Envejecer con dignidad es algo que escuchamos todos los días cuando se habla del aspecto de una mujer madura. Pero ¿qué es eso? La dignidad no se puede valorar por el número de arrugas alrededor de los ojos, de la firmeza de un trasero o de la turgencia de los pechos. Dignidad es mirarte al espejo y decirte que todos esos rastros que lees en tu cuerpo son naturales. Que forman parte de ti como la experiencia, la sabiduría o la capacidad de análisis que has ido adquiriendo con los años y que te han ido convirtiendo en la persona que eres hoy.
Las mujeres vivimos una existencia llena de cambios físicos importantes. La pubertad, la juventud, la primera madurez, los embarazos y partos o la menopausia, son periodos completamente naturales que, junto con el inexorable paso del tiempo, van dejando rastros visibles en nuestra apariencia. Negarlos o luchar encarecidamente porque no sean visibles, es una infructuosa batalla que no va a aportar victoria alguna. Seguiremos siendo las personas que somos con nuestro particular bagaje personal en la mochila de vida que portamos en la espalda, un poco más curvada cada día.
La juventud es un valor en alza en una sociedad tan competitiva como la nuestra. Ser joven es importantísimo. O, mejor dicho, lo realmente importante es parecer joven. Pues lo siento por aquellos que esperan que nosotras seamos imperecederas y que nuestra fisionomía no cambie. Eso es imposible. Cumplir años trae consigo regalos físicos. Aceptarlos con la lógica natural y el mejor humor solo logrará que llevemos una vida mucho más placentera.

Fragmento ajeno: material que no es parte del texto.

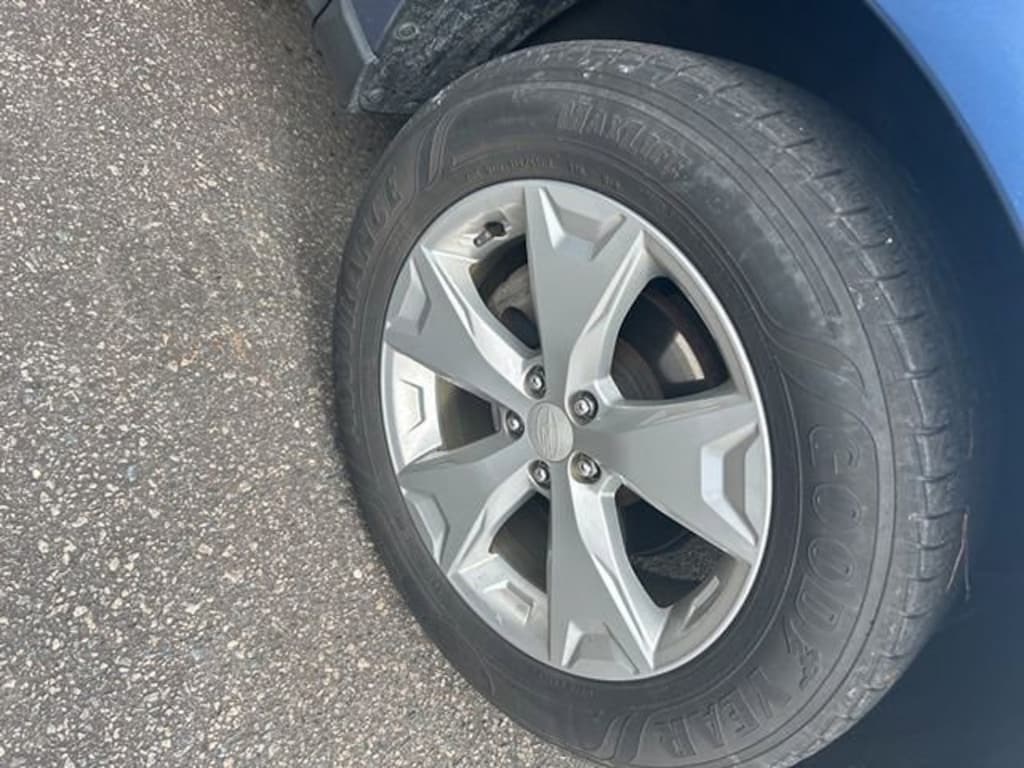 Used 2015 Subaru Forester 2.5i Limited (CVT) SUV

Llevar una vida sana con relación a la edad que porta nuestro dni, es necesario para mantener una salud alejada de problemas evitables. Pero de ahí a no querer admitir que una mujer tiene 40 ó 50 ó 60 años y que se le noten en cada poro de su piel, es ridículo. La madurez no nos hace menos interesantes, ni menos inteligentes ni menos personas. Sin embargo, esa permanente necesidad de aprobación o de seguir en la escalada a la belleza perfecta, solo sirve para destruir anticipadamente nuestra anatomía y agrandar las arcas de los que ponen a disposición de las mujeres, pócimas y cirugías varias.
El tiempo no se puede parar (es mucho peor quedarse prematuramente en el camino). Nuestros cuerpos no sufren estragos por envejecer, simplemente evolucionan. Son diferentes. Ser feliz con nosotras mismas es mirarnos al espejo con ojos sinceros, asumiendo con orgullo que ya no tenemos veinte años pero que seguimos en el mundo dando toda la guerra que podemos, y saber que lo bailao, ahora lo llevamos puesto.